日本地球惑星科学連合2018年大会

講演情報

[JJ] ポスター発表

セッション記号 M (領域外・複数領域) » M-IS ジョイント

[M-IS10] 古気候・古海洋変動

2018年5月23日(水) 13:45 〜 15:15 ポスター会場 (幕張メッセ国際展示場 7ホール)

コンビーナ:岡崎 裕典(九州大学大学院理学研究院地球惑星科学部門)、磯辺 篤彦(九州大学応用力学研究所)、北村 晃寿(静岡大学理学部地球科学教室、共同)、佐野 雅規(早稲田大学人間科学学術院)、長谷川 精(高知大学理工学部)、岡 顕(東京大学大気海洋研究所)、加 三千宣(愛媛大学沿岸環境科学研究センター)
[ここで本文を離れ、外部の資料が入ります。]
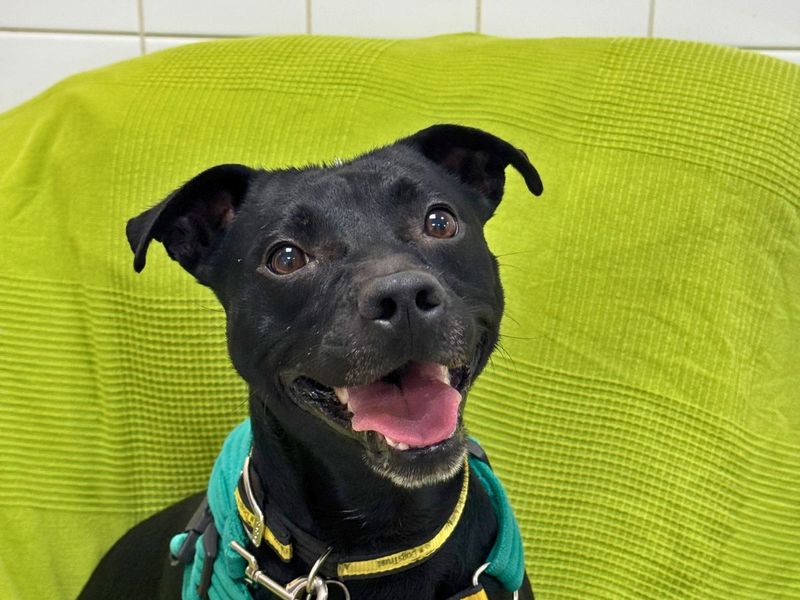 Ash | Terrier (Patterdale) Cross | Salisbury (Wiltshire) - 2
[MIS10-P14] 簡易気候モデルを用いた現在気候および氷期気候における大西洋子午面循環の多重解構造の比較

*安藤 大悟1岡 顕1 (1.東京大学大気海洋研究所)

キーワード:氷期気候、大西洋子午面循環、気候モデル

氷床コアから過去の気候を復元することによって、氷期にはDansgaard-Oeschger(D-O)振動とよばれる急激な気候変動があったことが分かっている。D-O現象が起こると、グリーンランドでは数十年のうちに気温が約10℃上昇する。このD-O振動には大西洋子午面循環(AMOC)の安定性が関与していることが多くの先行研究で指摘されている。AMOCとは、表層で北向きに流れ、北大西洋で沈み込み、深層で南へ戻るという、大西洋における一連の海洋循環である。先行研究によるモデル実験では、北大西洋への淡水流入によるAMOCのモードジャンプがD-O振動のような急激な気候変動を起こしうることが提案されている(Rahmstorf 2002; Ganopolski and Rahmstorf 2001など)。ところが、現在気候におけるAMOCの多重解構造については多くのモデル研究がなされているのに比べ(Rahmstorf et al. 2005)、氷期気候におけるAMOCの多重解構造について調べた研究はあまりない。そこで本研究では、簡易気候モデルMIROC-lite(Oka et al. 2010)を用いて現在気候および氷期気候のAMOCの多重解構造を調べて比較することを目的とする。
本研究では、まずMIROC-liteを用いて現在(CTL)と最終氷期最盛期(LGM)の気候をそれぞれ再現し、そのうえで両者においてAMOCが北大西洋域の淡水フラックスの変化にどのように応答するかを調べた。どちらにおいてもAMOCには多重解の構造が見られ、同一の淡水フラックスのもとで2つの安定モードが見られた。一方で、Ganopolski and Rahmstorf (2001)で指摘されたように多重解構造の詳細については現在気候と氷期気候で違いがあった。淡水フラックスを変化させていない状態において、現在気候においては現在の状態である"on mode"の他にAMOCが完全に停止する"off mode"が存在したのに対し、氷期気候ではAMOCの強さが異なるものの完全な停止はしていない"on mode"および"weak mode"の2つのモードが見られた。本発表ではそれらの結果についてより詳細に議論する。